A full night’s sleep should help you feel rejuvenated when you wake and are ready to face the day. So why do you sometimes wake up with stiff joints and a sore lower back? Unless you have known back issues or an injury that contributes to poorer sleep, morning aches and pains are both confusing and frustrating.
There are plenty of reasons for sore joints and lower back stiffness. It’s important to drill down to what the root cause is for you. Luckily, we know a thing or two about mattresses and quality sleep. Below are the four most common causes for morning soreness—and what you can do about them.
Your Sleep Position is Out of Whack
We tend to fall asleep in roughly the same position every night—and each sleep position has a different effect on your body. Simply put, not all sleep positions are created equal, which may account for some of your pain.
People who sleep on their stomachs (an estimated 16% of all sleepers) are most prone to experience back and joint pain since this position pulls the spine out of alignment. Additionally, the twisting and contorting that stomach sleepers do to get comfortable can put extra pressure on the neck, lower back and jaw—which can even lead to poorer circulation. Most sleep experts recommend that stomach sleepers try to train their bodies to sleep on their sides, usually by propping their trunks up with a pillow.
While the problem is more severe for stomach sleepers, side sleepers can also unknowingly pull their spines out of healthy alignment because they’re using the wrong pillow (more on this later). Whatever sleep position you use, it’s a good idea to try changing up your sleep position to see if your morning joint and back pain subsides.
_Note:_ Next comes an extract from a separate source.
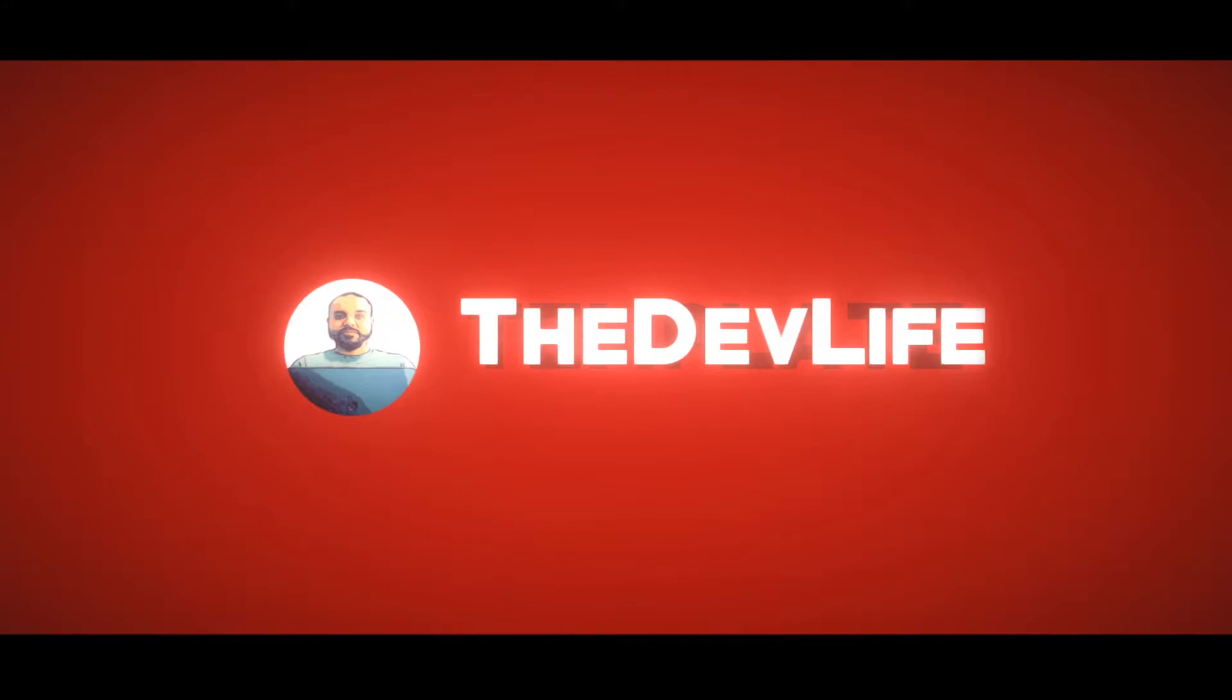Hey everyone, welcome to The Dev Life, and I hope everyone is safe. Today we're going to be looking at classes. So it's an object-oriented programming concept. A class basically is a template for an object you can assign.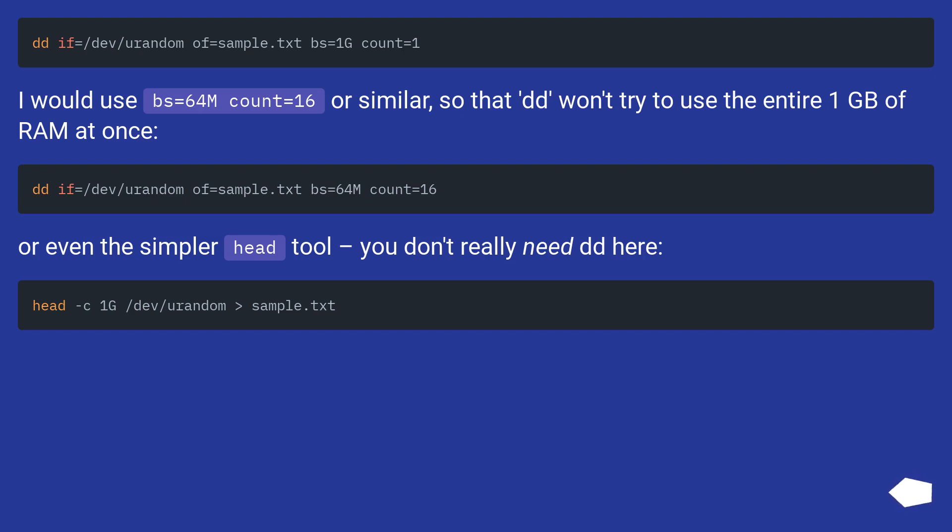I would use bs=64M count=16, or similar, so that dd won't try to use the entire 1GB of RAM at once. Or even the simpler head tool - you don't really need dd here.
Your Pillow Isn’t Cutting It
Even if you’ve adopted the right sleep position, the wrong pillow can cause major issues that can be (literally) a pain in the neck. That’s because your pillow is just as important as your mattress when it comes to proper spinal alignment.
The trick is to choose a pillow with the right amount of loft for your sleep position. Side sleepers tend to need more supportive pillows with higher loft, while stomach sleepers should search for a pillow with a lower profile. Back sleepers can actually sleep on both high and low loft pillows, depending on personal preference.
If you suspect your pillow is to blame for your back pain and soreness in the morning, check out these helpful tips on choosing the right pillow for your sleep position.
Your Mattress is Too Soft, Or Too Firm
Now that you’ve taken into account your sleep position, and you’ve upgraded your pillow, what more can you do to avoid waking up with a sore back or stiffness?
The vast majority of people who experience morning back pain and stiffness should look to their mattress—or, more specifically, their mattress firmness level. Let’s start with those of you who are devoted to stomach sleeping or, more ideally, are prone to back sleeping. Both stomach and back sleepers will generally rest and recover better while sleeping on a firmer mattress. If you find that your lower back is stiff and tight in the morning, regardless of sleep position, it’s also very likely your mattress is too soft, causing your spine to fall out of alignment and forcing muscles to contract rather than relax. The selection of a firmer mattress that’s right for you can range from the insanely ultra-firm sleep experience that’s akin to sleeping on the ground to finding a more mainstream mattress with varying firmness levels.
On the other hand, if joint pain and stiffness are your main problems, your mattress may be too firm—and could even be restricting blood flow to your joints. Soft to medium firm mattresses better cradle pressure points due to their more contouring foam layers. There are many options when it comes to a soft or medium firmness level mattress—and they don’t necessarily leave you feeling like you’ve fallen into quicksand. Total latex mattresses offer a unique buoyancy that lifts away tension, while quick response memory foam mattresses provide all the contouring of memory foam with the more agreeable sleep-on-top feel.
Both types of foam are widely available in a hybrid model, which combines two separate sleep systems: foam and a coil system to provide optimal comfort and support.
Looking for the firmest mattress ever? Check out the two-sided Plank mattress — firmer, flatter, flippable.
You Need to Switch Up Your Bed’s Foundation
The secret is finally out: adjustable foundations for your mattress are no longer reserved for hospital beds and nursing homes. More of us have recognized the significant health benefits of adjustable bases, as well as their convenience for doing a multitude of things in bed, from reading or working on a laptop to watching television while eating. Investing in an adjustable bases is actually highly recommended by many in the medical community to ease chronic back pain and stiffness in the joints, poor circulation, sleep apnea, acid reflux, and more.
Why? Because adjustable bases allow you to raise the foot and head of your bed in a more uniform manner than propping up your legs or shoulders on a pillow. That means better circulation throughout your limbs and decreased pressure on your back. Plus, adjustable bases promote sleeping in a better position to support spinal alignment and support so you’re more likely to fall asleep—and stay asleep—in a position that’s good for your spine health.
Morning joint stiffness and lower back pain are very common symptoms of a sleep system that needs some adjustment. If you aren’t sure what you need to change about your mattress, foundation or pillow, it’s always a good idea to chat with a sleep specialist. They can offer expert advice on which bed is best for you — helping you finally enjoy restful, rejuvenating sleep and happier mornings!